Operating Systems Development Series

Operating Systems Development - 8253 Programmable Interval Timer
by Mike, 2008

This series is intended to demonstrate and teach operating system development from the ground up.

8253 PIT Microcontroller with all pins labled

Please note: This tutorial may require some knowledge of hardware interrupt handling and the 8259 Programmable Interrupt Controller (PIC). Please see this tutorial for information on them.

Introduction

Welcome! :)

This tutorial will cover everything you ever wanted to know about system timing and programming the Intel 8253 Programmable Interval Timer (PIT).

The 8253 PIT has had a long history, and has played an important part in nearly every x86 PC. It is the "System clock", and is responsible for many very important functions within the PC. This erm.. "chip" is no longer distributed as an independent chip (as a Dual Inline Package (DIP) to be more precise), but rather integrated into the motherboards southbridge chipset.

Everything about the 8253 still remains, however. Because of this, its input and output facilities, hardware, and the way we program the 8253 remains the same. Because there is not of any difference (besides speed) between this and the older DIPs, we will be looking at the older 8253 DIP to help keeping things simple.

The picture at the beginning of this tutorial displays what we will be looking at and programming.

Lets have some fun ;)

Programmable Interval Timers

A Programmable Interval Timer (PIT) is a counter which triggers an interrupts when they reach their programmed count.
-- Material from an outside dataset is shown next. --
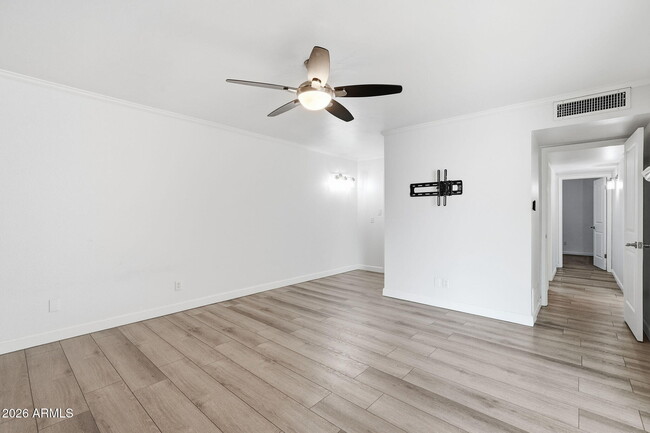 Building Photo - 2546 E Geneva Dr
The 8253 and 8254 microcontrollers are PITs avialble for the i86 architectures used as timer for i86-compatable systems.

These PICs include three timers that are used for different putposes. The first timer is useually used as the System Clock. Timer 2 was used for RAM refreshing, and timer 3 is connected to the PC speaker. We will see all of the connections a little later, so we won't go into much detail now.

Instead, lets take a closer look at one of these famous PITs... The 8253 Microcontroller.

8253 Hardware

Before looking at the software side of things, it will be helpful to learn more about what we are actually programming. Because of this, we will look at the 8253 hardware first, and learn how it works and is connected to the rest of the PC. We will also be looking at internal registers, pin layout, command words, and more that will be needed for the software side of things.
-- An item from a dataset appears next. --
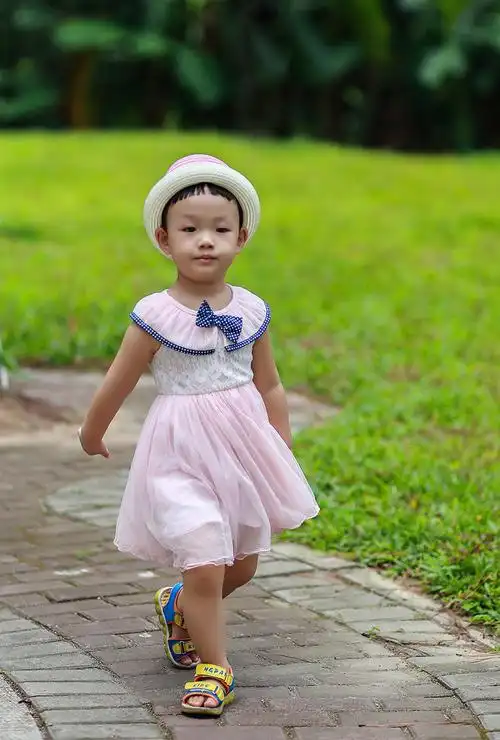 我小孙女快3岁了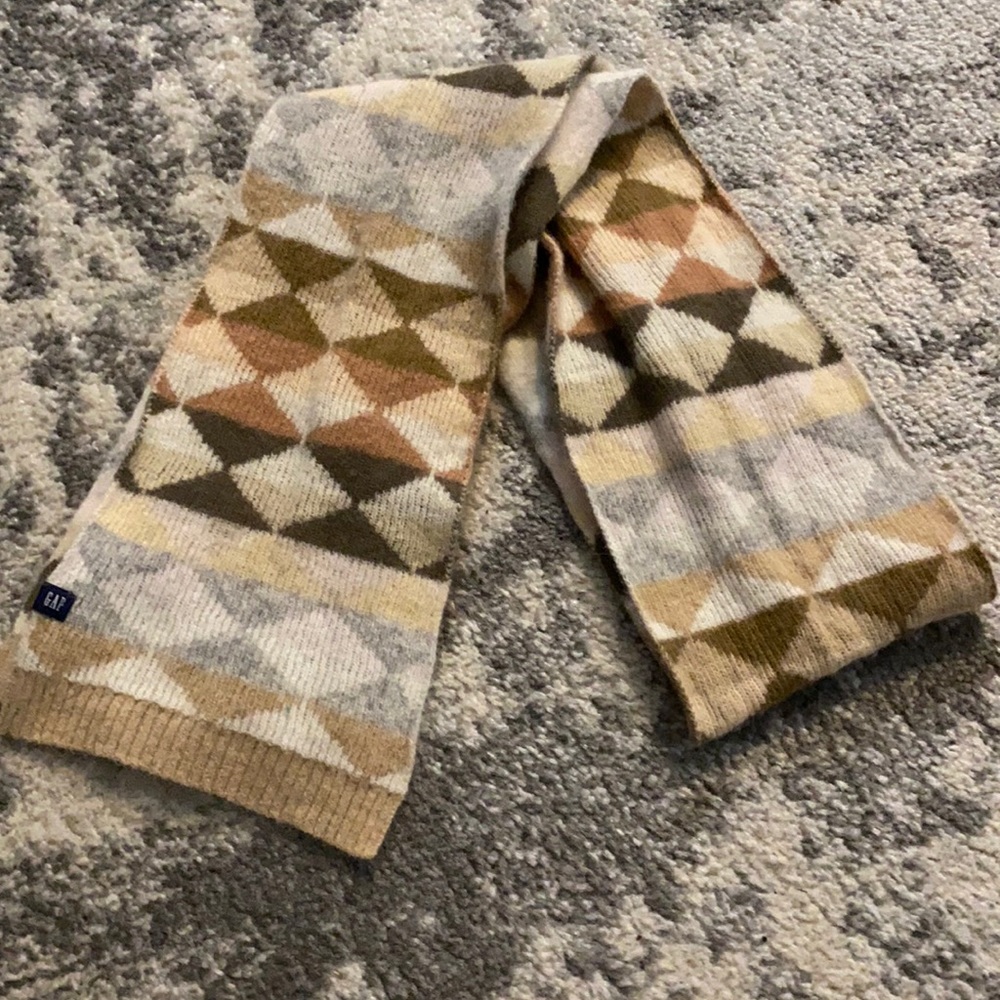GAP Wool Geometric Scarf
8253 Hardware: Description

The 8253 PIT has a simple interface, and is not that hard to program.

Yep--There is the chip that we will program.

Here is the complete pin layout. We will be refrencing these pins throughout this tutorial, so it is important to know what they are.

D0...D7: 8 bit data lines. This is connected to the data bus so we can read and send commands.
CLK 0, CLK 1, CLK 2: Clock input pins. There are 3 pins for 3 separate counters
OUT 0, OUT 1, OUT 2: Output data line. There are 3 pins for 3 separate counters
GATE 0, GATE 1, GATE 2:Gate data line. There are 3 pins for 3 separate counters
GND: Ground
Vcc: Input voltage
WR: Write enable. When this line is active, lets the 8253 that we are writing data
RD: Read enable. When this line is active, lets the 8253 that we are reading data
CS: Chip select signal
A0, A1: Address lines. Used to determin what register we are accessing.

Not to bad. There are a couple of important pins here that we need to look at.

The D0-D7 pins connect to the systems data bus. These pins carry our data when we are sending or reading data to the controller.

Vcc and GND complete the circuit (Voltage input, Ground output.)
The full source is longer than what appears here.